The regional gaming market continues to be in a funk, following trends in the rest of the economy. Penn National's (PENN 2.95%) first-quarter earnings show progress in some areas and a maddeningly slow recovery in others.
Overall, revenue rose 8% from a year ago to $798.2 million -- just slightly below the company's own guidance. Adjusted EBITDA rose 10% to $220.7 million and net income dropped 17% to $65.3 million, or $0.63 per share.
Growth was driven by the opening of Hollywood Casino Toledo, Hollywood Casino Columbus, and the acquisition of Hollywood Casino St. Louis, so it wasn't organic in nature. The company is planning to build another resort near San Diego and finish an expansion in St. Louis, and is proposing an $807 million project in Massachusetts.
Regional gaming fights for limited dollars
The challenge of growing revenue organically in regional gaming isn't felt by Penn alone. For Caesars Entertainment (CZR), a recovery in Las Vegas has been masked by weakness in regional markets, where it still generates a majority of its revenue. Pinnacle Entertainment (NYSE: PNK) and Boyd Gaming (BYD 4.29%) are also fighting competition, and in Boyd's case, a rapidly declining market in Atlantic City. Over the past year, overall growth has been anemic at these companies.
Instead of seeing the chart above as a sign that growth and returns may not be strong in regional gaming, companies have doubled down. Pinnacle is acquiring Ameristar Casinos, Penn, as I mentioned above, is planning a the resort near San Diego and expanding in St. Louis, and Wynn Resorts (WYNN 0.97%) and Caesars are fighting over a new license in Boston. For Wynn, this is an effort to expand the brand in a high-profile city, but Caesars has enough trouble with debt and declining revenue in other regional markets. When will the growth of gaming stop?

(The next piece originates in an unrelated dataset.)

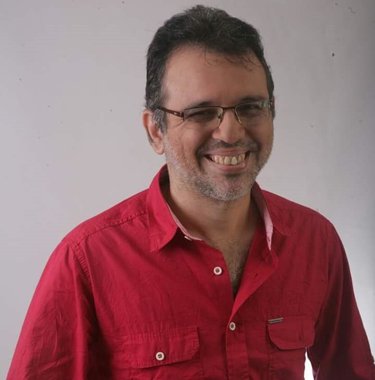 Você é formado em Direito? Passou cinco anos na faculdade tendo disciplinas de Direito Constitucional? Aprendeu tim-tim por tim-tim todos os artigos, incisos, alíneas, parágrafos, da Constituição Federal de 1988? Foi ensinado que aquela era a "Constituição Cidadã"? Disseram-lhe que o Supremo Tribunal Federal - STF era o "guardião constitucional do Brasil"? Pois esqueça tudo o que aprendeu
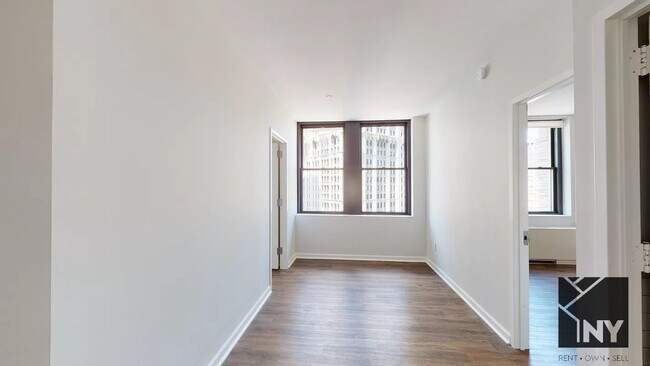 Building Photo - Your new home nestled between Tribeca & FI...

Nearly every company has plans to expand in one way or another, even as gaming dollars are stretched thin. For investors, this means that return on investment isn't as high, which can be seen in Penn's results today. Higher revenue couldn't mask higher costs, and net income fell, reducing return on investment. Still, the company's plan to spin off a REIT to own its real estate assets should unlock some value, and investors are projected to walk away with a $2.44 dividend. I'm clearly cautious about the regional gaming market, but it's these moves that make Penn National the best breed in this very competitive market.